India has submitted more than 2,000 pages of material related to financial offences allegedly committed by businessman Vijay Mallya to the Westminster Magistrates Court in connection with his extradition case.

world Updated: Jul 07, 2017 00:38 IST
Prasun Sonwalkar
Vijay Mallya arrives at the Westminster Magistrates Court in London for a hearing in his extradition case.
Vijay Mallya arrives at the Westminster Magistrates Court in London for a hearing in his extradition case.(HT Photo)

The Indian government has submitted more than 2,000 pages of material related to financial offences allegedly committed by businessman Vijay Mallya, whose extradition case came up before the Westminster Magistrates Court here on Thursday.

The chief magistrate, Emma Arbuthnot, set September 14 as the next date of hearing after Mallya’s team sought time to go through the material, some of which was delivered to the team on Wednesday. Mallya’s bail conditions will continue till December 4, the date for the full extradition hearing to begin. 

Mark Summers, lawyer for the Crown Prosecution Service that is representing India, told the court there was “excellent cooperation” from the Indian government, and based on the material submitted, a prima facie case had been established against Mallya.

 “We are ready to proceed to a full hearing,” Summers said. He told the magistrate the prosecution is keen for the hearing to begin earlier than December 4.

Vijay Mallya seen outside the Westminster Magistrates Court in London for a hearing in his extradition case. (HT Photo)

Mallya, exempted from appearing in court, attended the hearing and gave non-committal responses to waiting journalists: “Let the CBI provide the evidence they have. We will also state our case.
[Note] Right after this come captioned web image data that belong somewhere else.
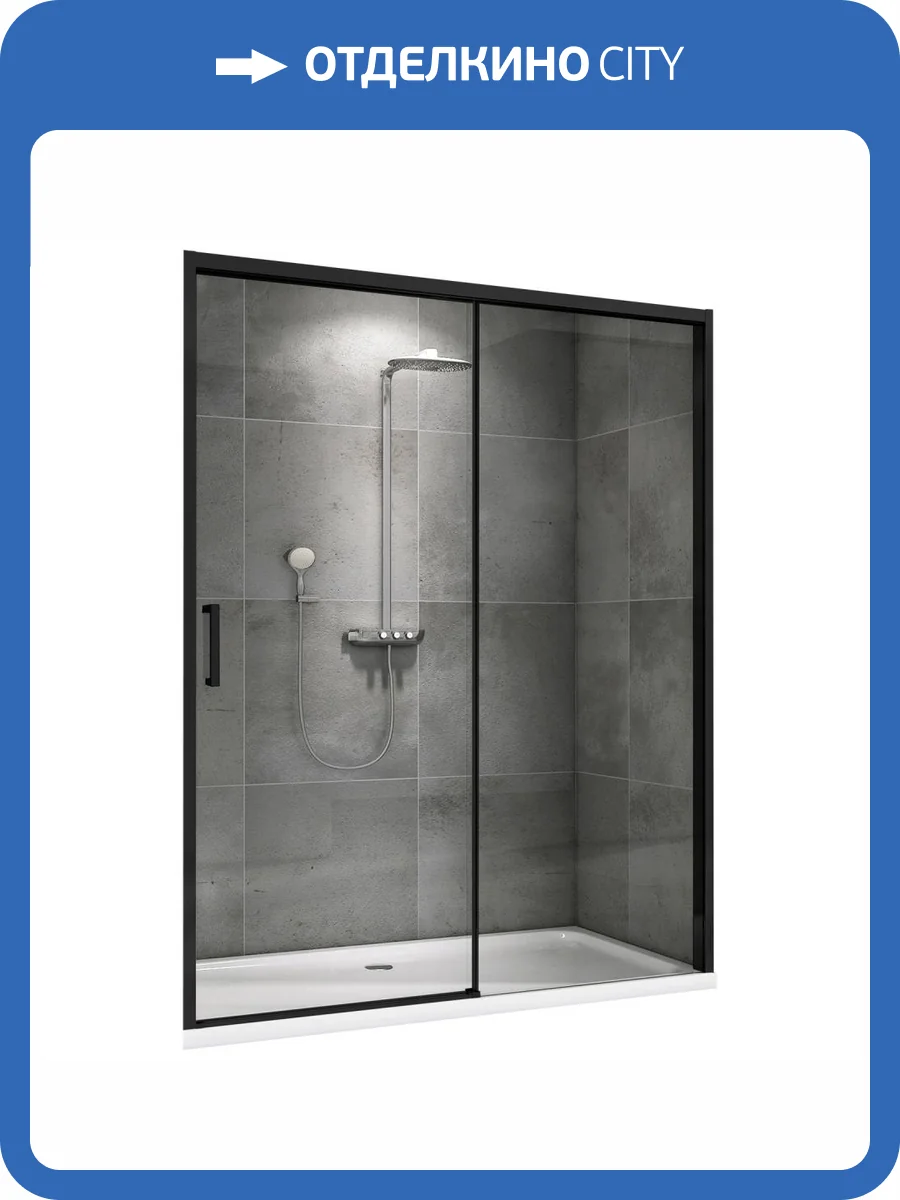 Душевая дверь Abber Komfort AG93120B 120x200, профиль Черный фото 4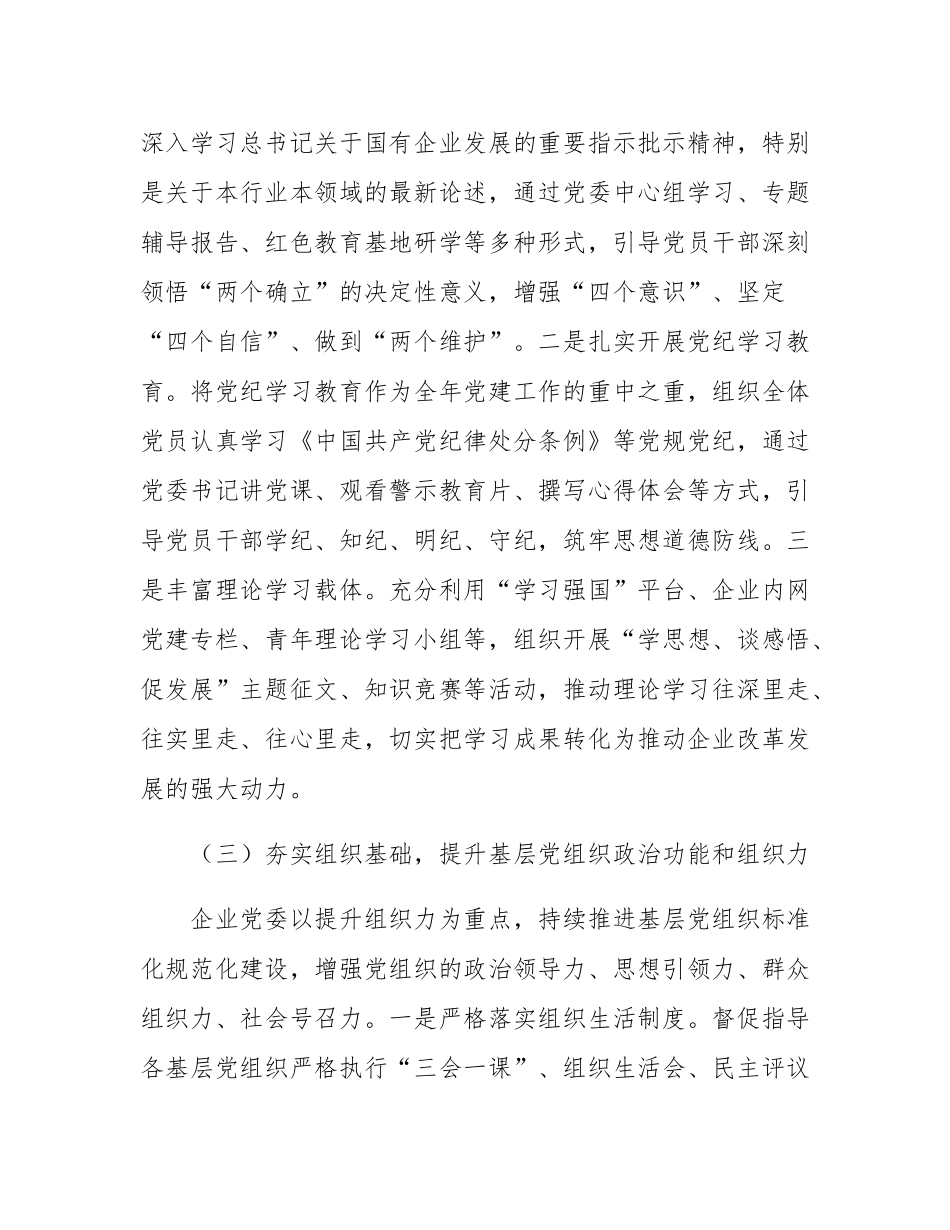2025年国有企业党委书记抓基层党建工作述职报告.docx_第3页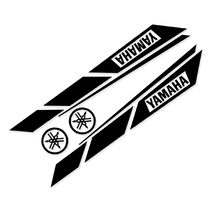 Yamaha motorcycle electric car electric motorcycle modification decoration body sticker sticker decal sticker art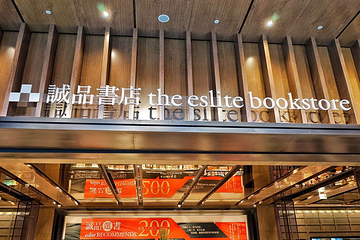 诚品书店(诚品生活苏州店)第 1 张图片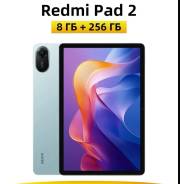 Redmi Pad 2. ������ 256 �� ����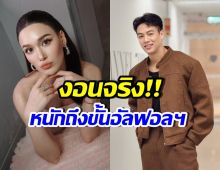แจ็คกี้ ยอมรับงอนปอ พร้อมเผยสาเหตุอัลฟอลไอจีกัน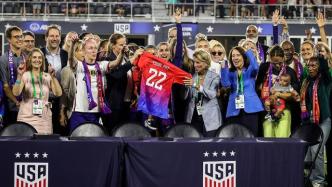 历史性一刻！美国男女足国家队实现同工同酬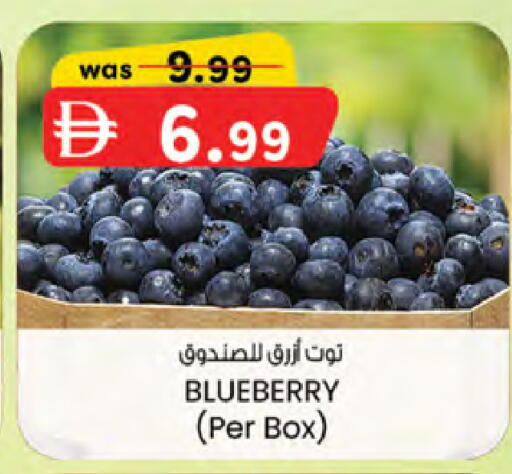 Blueberry BlueBerry available at Safa Hyper in UAE - Al Ain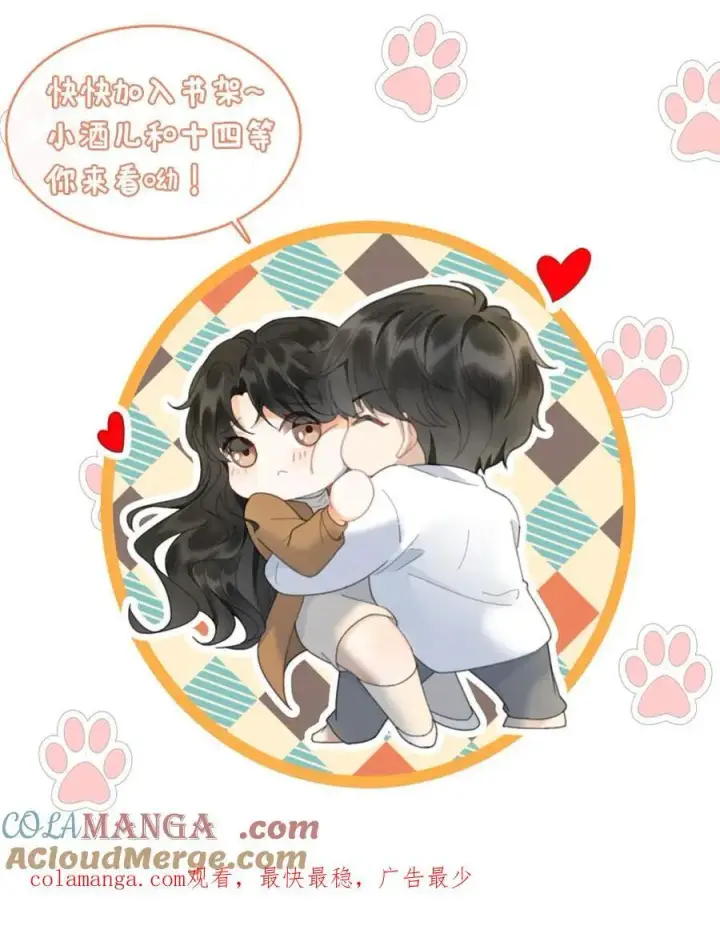 漫画《明撩！暗诱！和顶流影帝恋综撒糖》第302话 被歌声迷倒第29张图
We are in court now, I have nothing more to say.”

This was the third “case management hearing” after Mallya’s arrest and bail on April 18 and a hearing on June 13. Mallya’s legal team is scheduled to submit evidence related to the grounds it has raised to oppose his extradition.
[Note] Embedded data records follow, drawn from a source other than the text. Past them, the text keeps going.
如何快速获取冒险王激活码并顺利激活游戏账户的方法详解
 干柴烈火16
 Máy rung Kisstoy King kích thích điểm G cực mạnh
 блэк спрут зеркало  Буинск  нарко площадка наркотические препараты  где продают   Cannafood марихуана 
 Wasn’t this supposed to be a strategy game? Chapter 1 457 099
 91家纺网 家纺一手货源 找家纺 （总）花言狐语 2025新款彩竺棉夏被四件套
The material submitted by New Delhi included an assurance about prison conditions in India (in some previous cases, the person whose extradition was sought had opposed it on the grounds that Indian prison conditions were not up to the required standard).
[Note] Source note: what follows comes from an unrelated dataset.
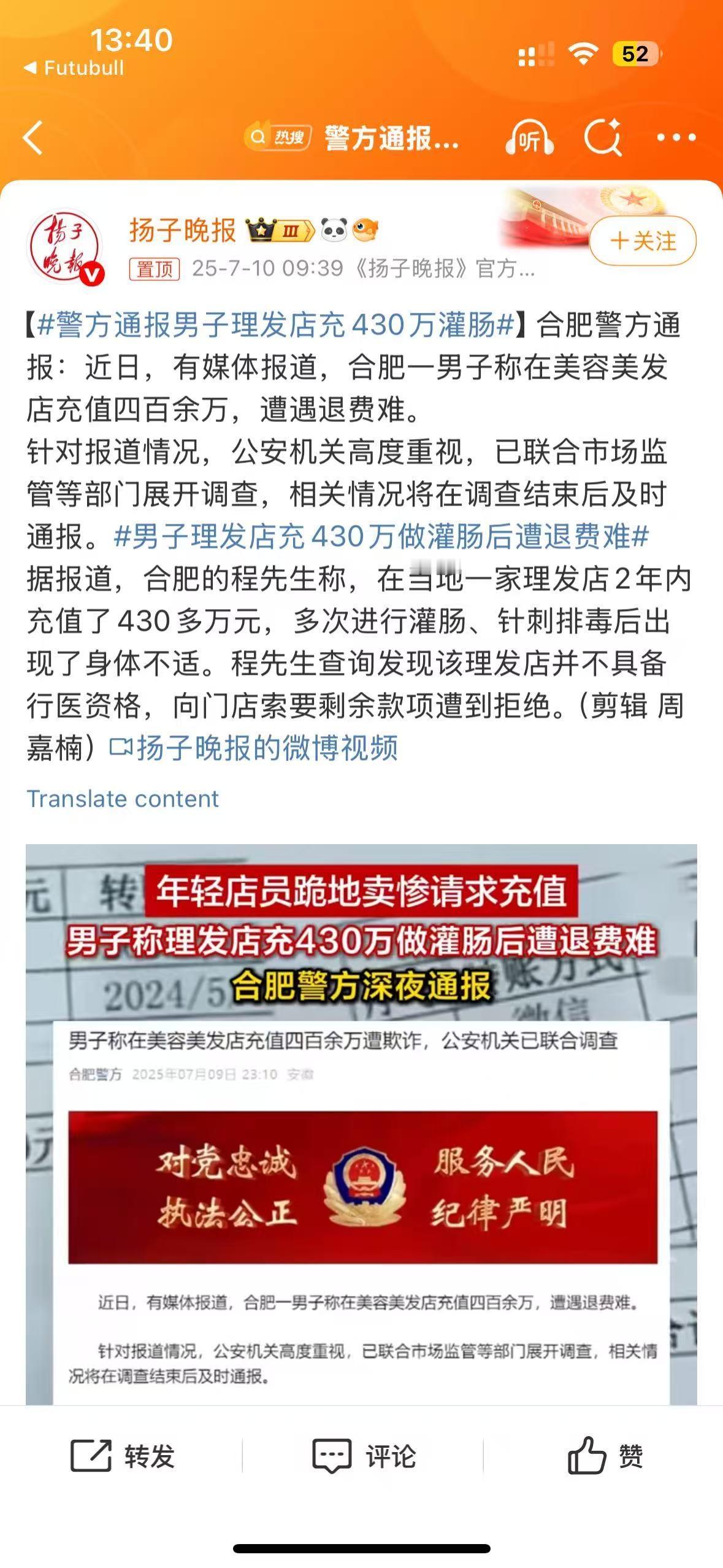 不是我不明白，是这世界变太快。“男子在理发店充值430万灌肠”……是的，你没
The Indian high commission said the documents included charge-sheets, supplementary charge-sheets, non-bailable warrant of arrest, evidence and witness statements. 

“Evidences regarding the falsities and misrepresentations made by Mr Vijay Mallaya and officials of the Kingfisher Airlines have also been provided.  The UK side are satisfied with the material supplied by the Indian agencies and will be used by them appropriately during the extradition proceedings,” the mission said. 

Mallya’s team sought time to study the material and suggested that besides the scheduled date of December 4, the court retain the option of scheduling it for April next year. 

Unlike previous extradition cases that were unsuccessful because of the quality of paperwork or evidence that did not hold up in British courts, Indian sources said all necessary steps were taken to ensure there are no gaps in the Mallya case.